— Data shown —
+-------+
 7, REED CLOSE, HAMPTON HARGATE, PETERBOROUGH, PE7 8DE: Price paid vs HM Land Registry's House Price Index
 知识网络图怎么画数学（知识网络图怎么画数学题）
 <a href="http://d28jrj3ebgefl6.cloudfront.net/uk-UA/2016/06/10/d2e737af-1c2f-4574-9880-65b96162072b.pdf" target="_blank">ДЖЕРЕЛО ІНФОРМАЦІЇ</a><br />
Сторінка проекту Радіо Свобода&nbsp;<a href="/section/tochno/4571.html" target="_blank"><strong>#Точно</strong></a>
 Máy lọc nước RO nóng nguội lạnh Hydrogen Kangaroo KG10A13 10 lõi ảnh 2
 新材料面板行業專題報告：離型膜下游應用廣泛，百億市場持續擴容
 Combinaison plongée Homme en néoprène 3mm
+-------+
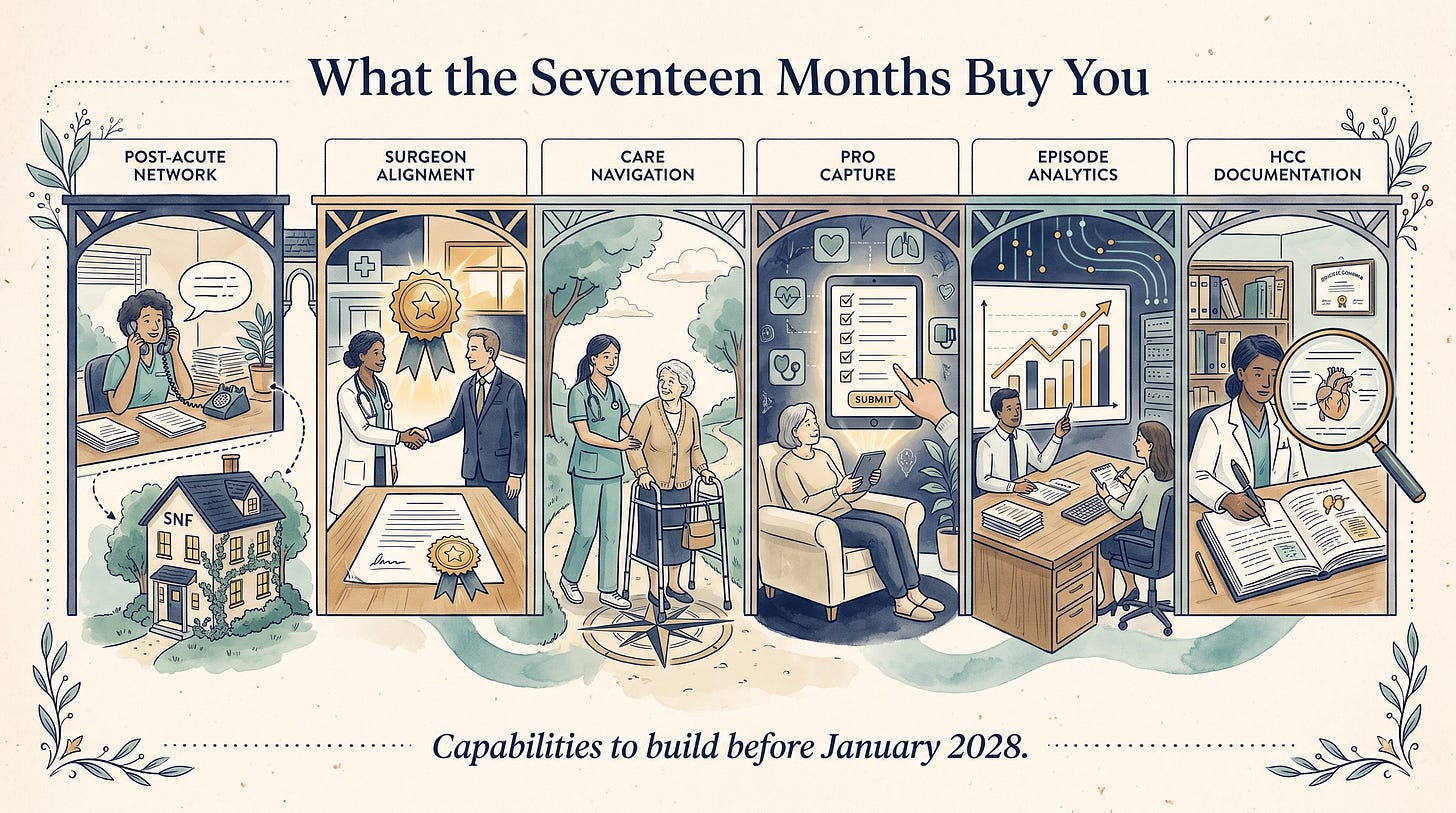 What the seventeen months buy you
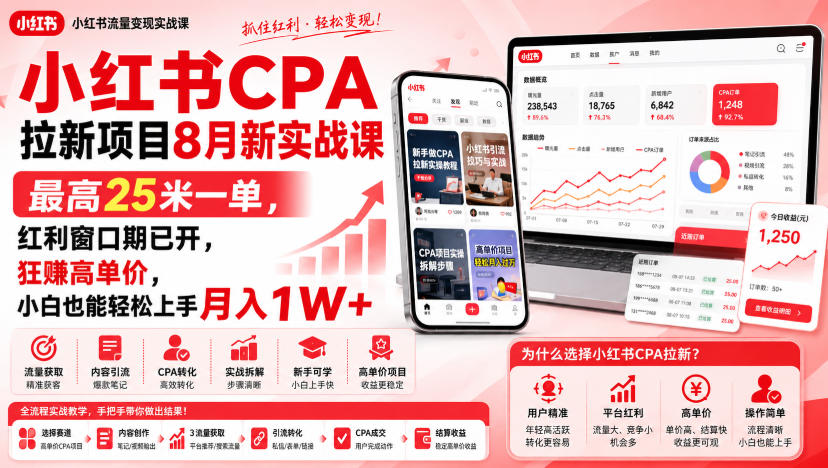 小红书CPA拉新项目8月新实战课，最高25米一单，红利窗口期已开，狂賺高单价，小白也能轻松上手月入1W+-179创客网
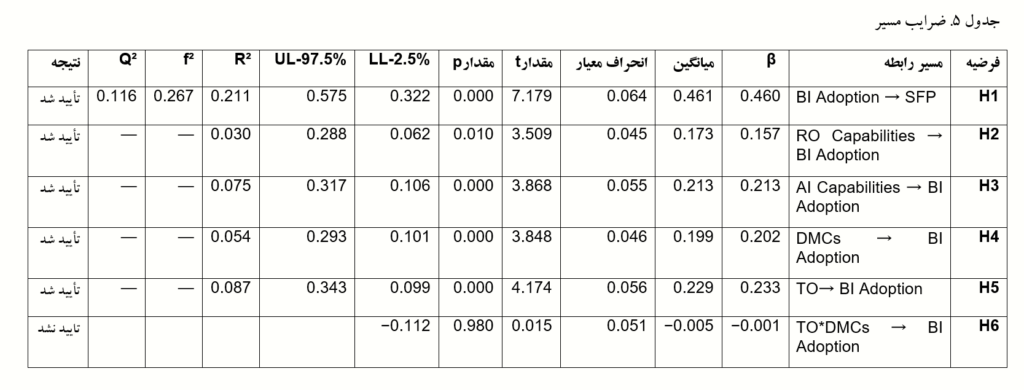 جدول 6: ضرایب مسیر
+-------+
Above this instruction are the records; retype exactly the lines from the one containing "7, REED CLOSE, HAMPTON" up to and including the one containing "Combinaison plongée Homme en néoprène 3mm".

— Response to this exercise —
 7, REED CLOSE, HAMPTON HARGATE, PETERBOROUGH, PE7 8DE: Price paid vs HM Land Registry's House Price Index
 知识网络图怎么画数学（知识网络图怎么画数学题）
 <a href="http://d28jrj3ebgefl6.cloudfront.net/uk-UA/2016/06/10/d2e737af-1c2f-4574-9880-65b96162072b.pdf" target="_blank">ДЖЕРЕЛО ІНФОРМАЦІЇ</a><br />
Сторінка проекту Радіо Свобода&nbsp;<a href="/section/tochno/4571.html" target="_blank"><strong>#Точно</strong></a>
 Máy lọc nước RO nóng nguội lạnh Hydrogen Kangaroo KG10A13 10 lõi ảnh 2
 新材料面板行業專題報告：離型膜下游應用廣泛，百億市場持續擴容
 Combinaison plongée Homme en néoprène 3mm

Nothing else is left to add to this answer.